Tuesday, it filed a lawsuit in U.S. District Court against one of the counties it identified under the National Voter Registration Act of 1993. The organization's Election Integrity Project director, Robert Popper—formerly deputy chief of the Voting Section of the Civil Rights Division of the Justice Department—had sent the April letter to officials in Montgomery County, Maryland, urging them to fix their voter roles or face a lawsuit.

The letter also requested access to Montgomery County voter registration lists in order to evaluate how well any "programs and activities conducted for the purpose of ensuring the accuracy and currency of Maryland's official eligible voter lists during the past two years" were working. July 7, however, Maryland officials denied Judicial Watch access to the voter registration list because state laws restrict the release of voter registration information only to Maryland registered voters.

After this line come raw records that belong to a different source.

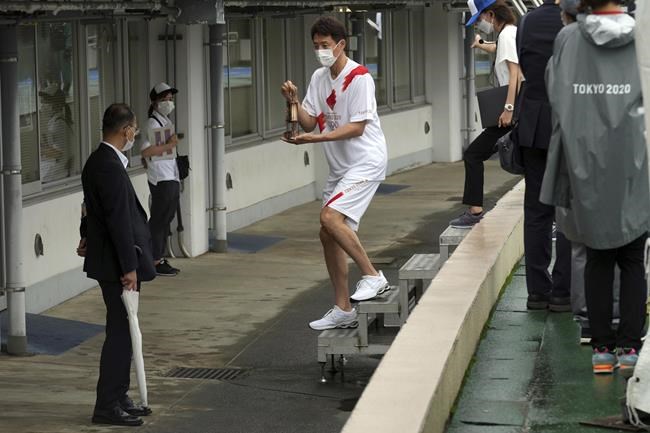 Former tennis player Shuzo Matsuoka, center, carries a lantern containing the Olympic Flame to Tokyo's fist leg of torch relay during the unveiling ceremony for Olympic Flame of the Tokyo 2020 Olympic torch relay at Komazawa Olympic Park, Friday, July 9, 2021, in Tokyo. Komazawa Olympic Park Stadium, where the flame unveiling ceremony took place, was used as one of the venues during the previous Tokyo Olympics held in 1964.(AP Photo/Eugene Hoshiko)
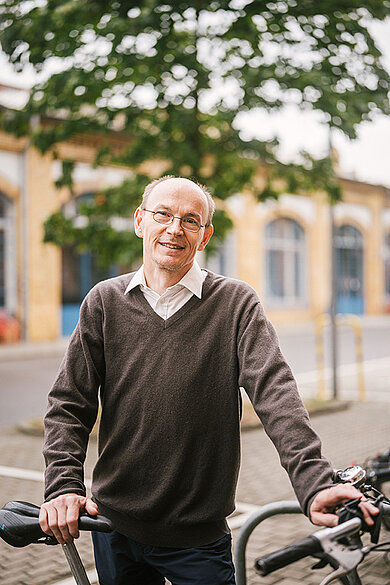 Mann steht am Fahrradständer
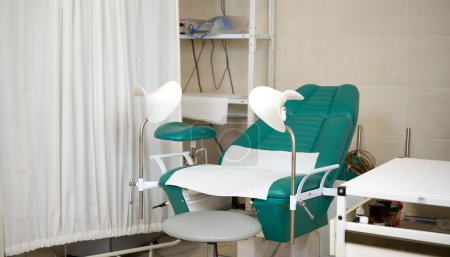 Empty gynecological chair for examination of girls and women. Women's health. Prevention illness. Early detection of cervix cancer. Examining and consulting patient in clinic.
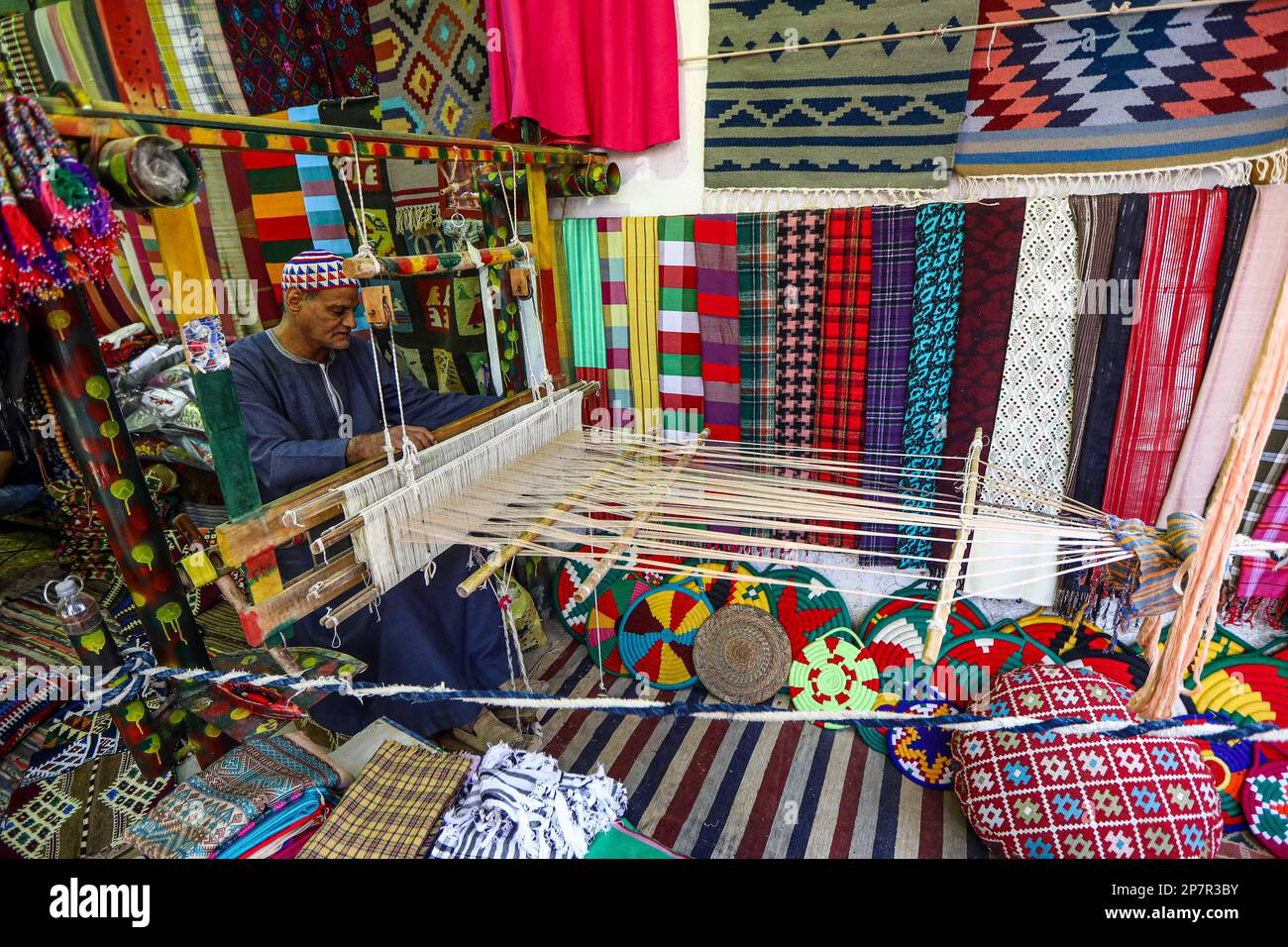 Aswan, Egypt. 8th Mar, 2023. A man weaves with a loom to make
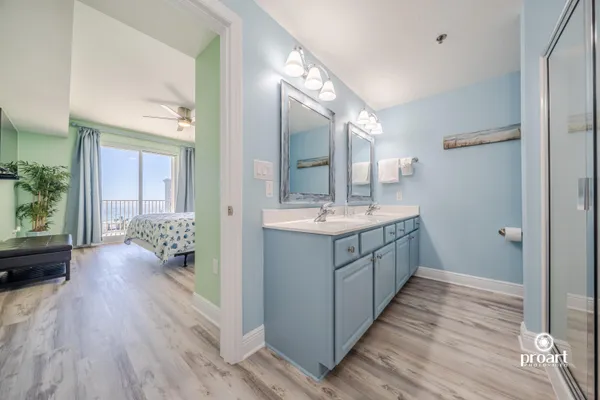 a bathroom with a sink a mirror and a shower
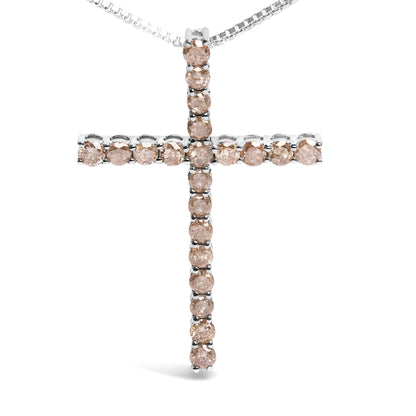 Front view of a white metal cross-shaped necklace pendant set with round champagne-colored gemstones in prong settings.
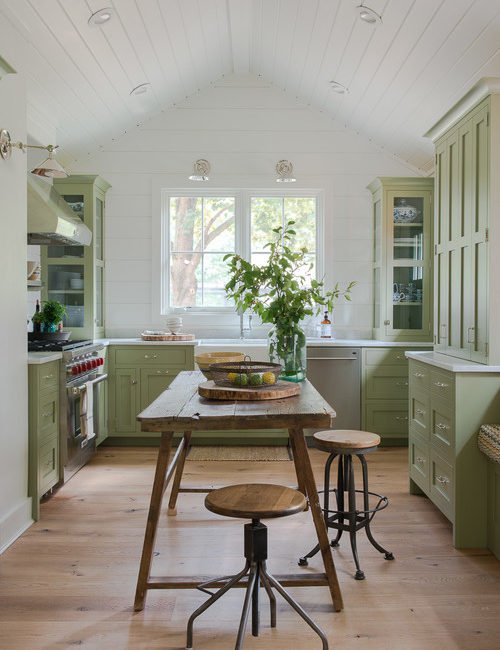 Farmhouse Kitchen with Light Green Cabinets and Shiplap Walls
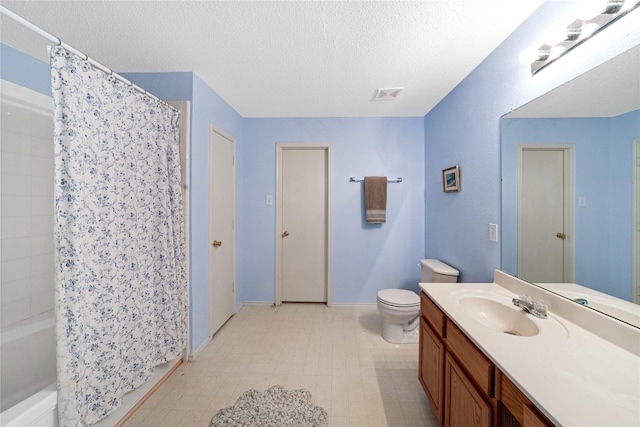 600 Carol Way, Euless, TX 76039 - bathroom with vanity, a textured ceiling, and shower / bathtub combination with curtain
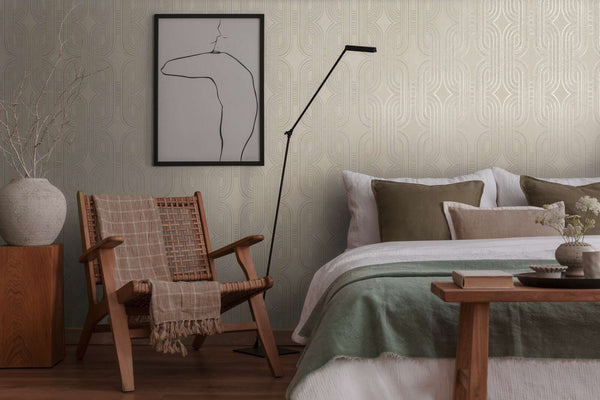 AS Creation French Affair 399371 bedroom with geometric wallpaper in Beige, Gold, Grey, Metallic behind a bed and a woven lounge chair.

"But Section 8(i) of the NVRA provides that '[e]ach State shall maintain for at least two years and shall make available for public inspection and, where available, photocopying at a reasonable cost, all records concerning the implementation of programs and activities conducted for the purpose of ensuring the accuracy and currency of official lists of eligible voter,'" Judicial Watch said in a statement announcing the lawsuit. "Judicial Watch regularly requests and receives records from state and local governments pursuant to Section 8(i) of the NVRA."

The government watchdog group's president, Tom Fitton, said the state's refusal to turn over the required documents suggests officials know there is a problem and don't intend to do anything to fix it.

"Maryland needs to make this voter registration information available as federal law requires," he said. "Maryland doesn't want its voter rolls mess to be exposed by Judicial Watch, and we hope the courts move quickly so we can begin the process of cleaning up the voter rolls. This is a national problem and Maryland is one of many legal battles for clean elections."

President Donald Trump's election integrity commission has begun working on potential recommendations to make our nation's elections "clean," but has also run into opposition from several states that refuse to hand over their voter registration records. Those records are generally available to the public, and in fact are sold to politicians and political organizations that wish to engage in direct-mail outreach and door-knocking campaigns.